> TASK INSTRUCTIONS: Leaving out every picture, transcribe the lines from the line that contains "Duschvorhang mit Marmormuster" to the end of the entries below, both ends included.
--- THE INPUT Enclosed Below ---
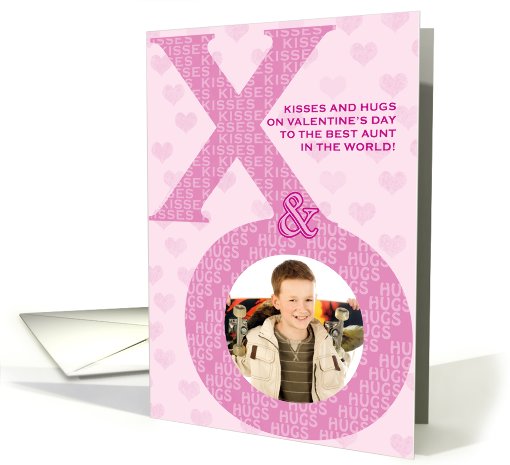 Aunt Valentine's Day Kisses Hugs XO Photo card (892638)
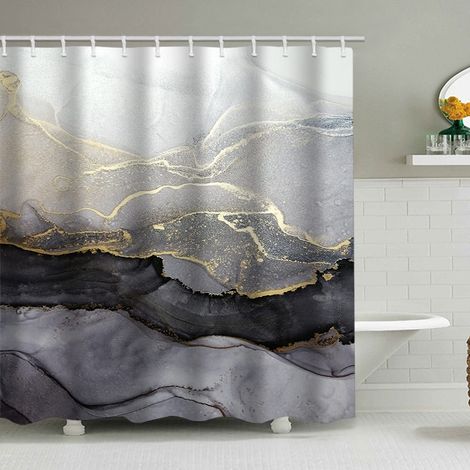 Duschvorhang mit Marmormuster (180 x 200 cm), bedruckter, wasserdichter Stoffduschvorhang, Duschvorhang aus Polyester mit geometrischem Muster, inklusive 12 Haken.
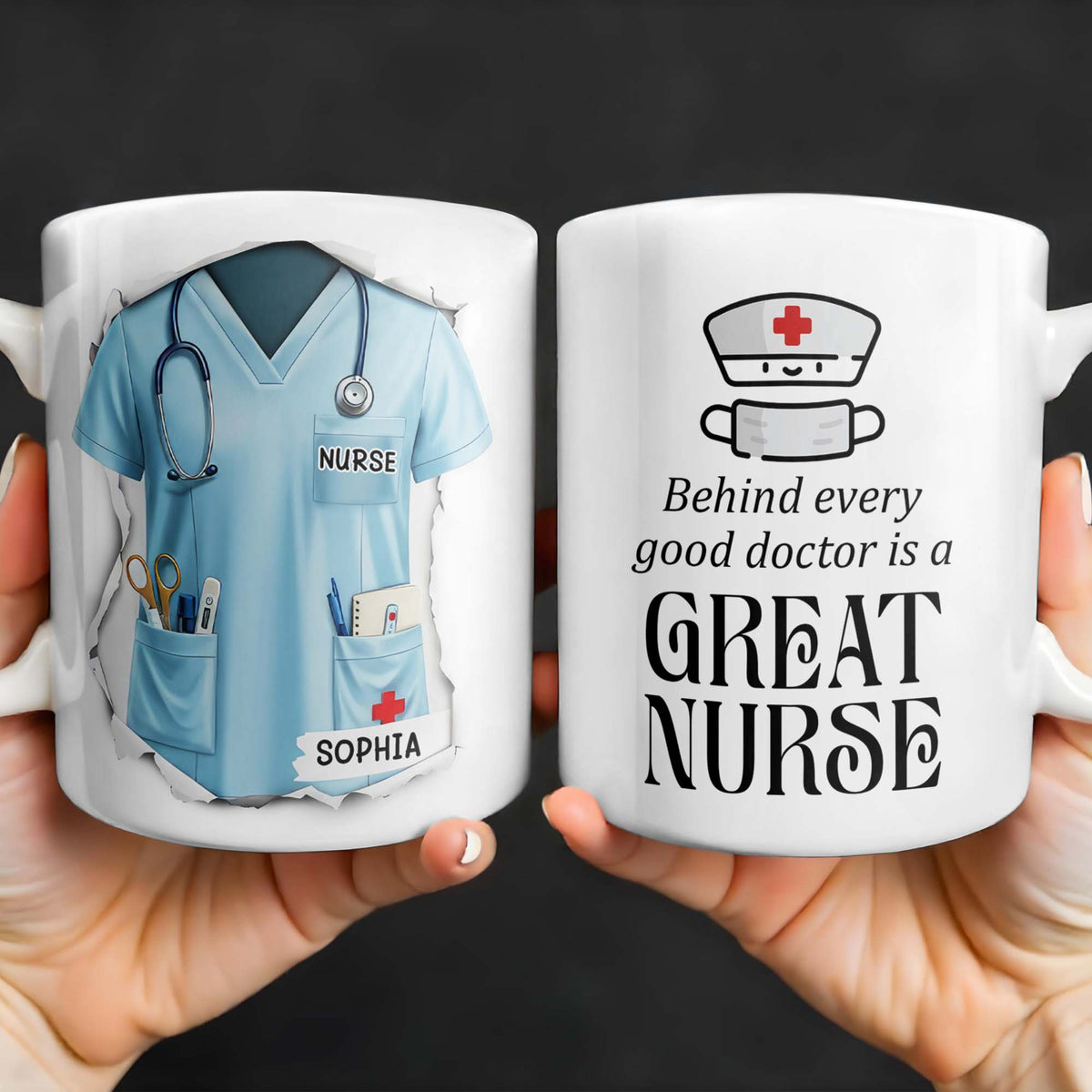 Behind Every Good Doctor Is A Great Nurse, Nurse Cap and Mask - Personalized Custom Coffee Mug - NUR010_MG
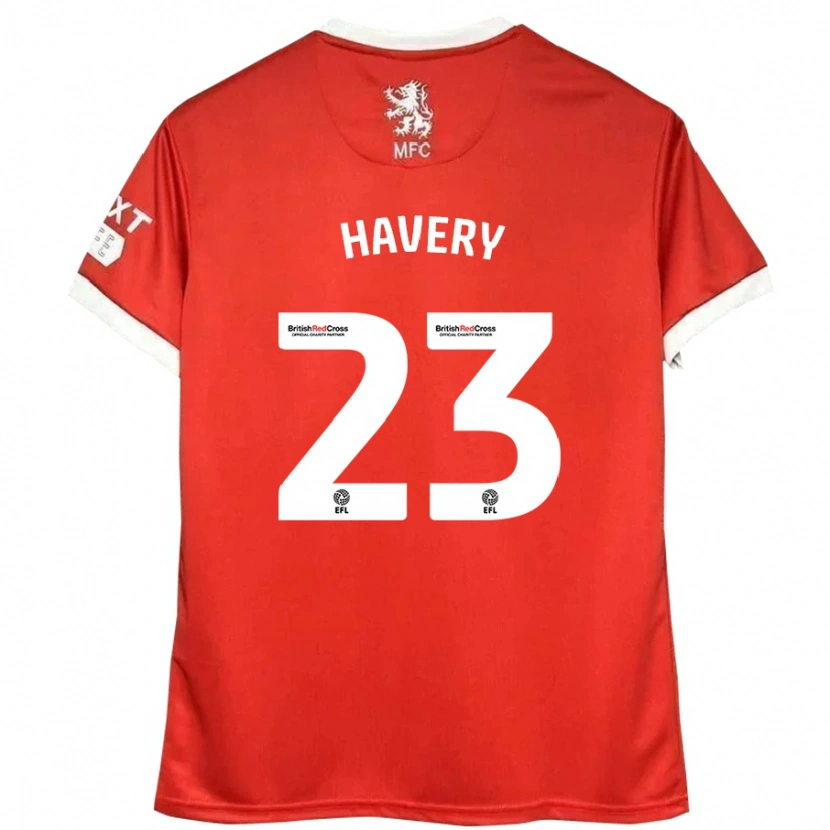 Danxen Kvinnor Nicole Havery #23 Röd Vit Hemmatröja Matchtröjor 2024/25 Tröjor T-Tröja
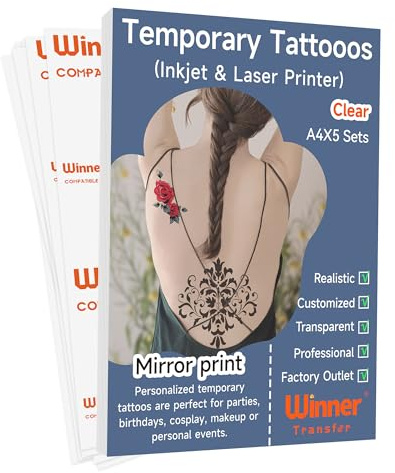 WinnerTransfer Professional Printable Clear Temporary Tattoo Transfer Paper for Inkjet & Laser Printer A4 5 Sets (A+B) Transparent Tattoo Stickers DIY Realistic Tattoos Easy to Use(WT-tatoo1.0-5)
--- End of Enclosed THE INPUT ---
> THE COMPLETED TASK:
 Duschvorhang mit Marmormuster (180 x 200 cm), bedruckter, wasserdichter Stoffduschvorhang, Duschvorhang aus Polyester mit geometrischem Muster, inklusive 12 Haken.
 Behind Every Good Doctor Is A Great Nurse, Nurse Cap and Mask - Personalized Custom Coffee Mug - NUR010_MG
 Danxen Kvinnor Nicole Havery #23 Röd Vit Hemmatröja Matchtröjor 2024/25 Tröjor T-Tröja
 WinnerTransfer Professional Printable Clear Temporary Tattoo Transfer Paper for Inkjet & Laser Printer A4 5 Sets (A+B) Transparent Tattoo Stickers DIY Realistic Tattoos Easy to Use(WT-tatoo1.0-5)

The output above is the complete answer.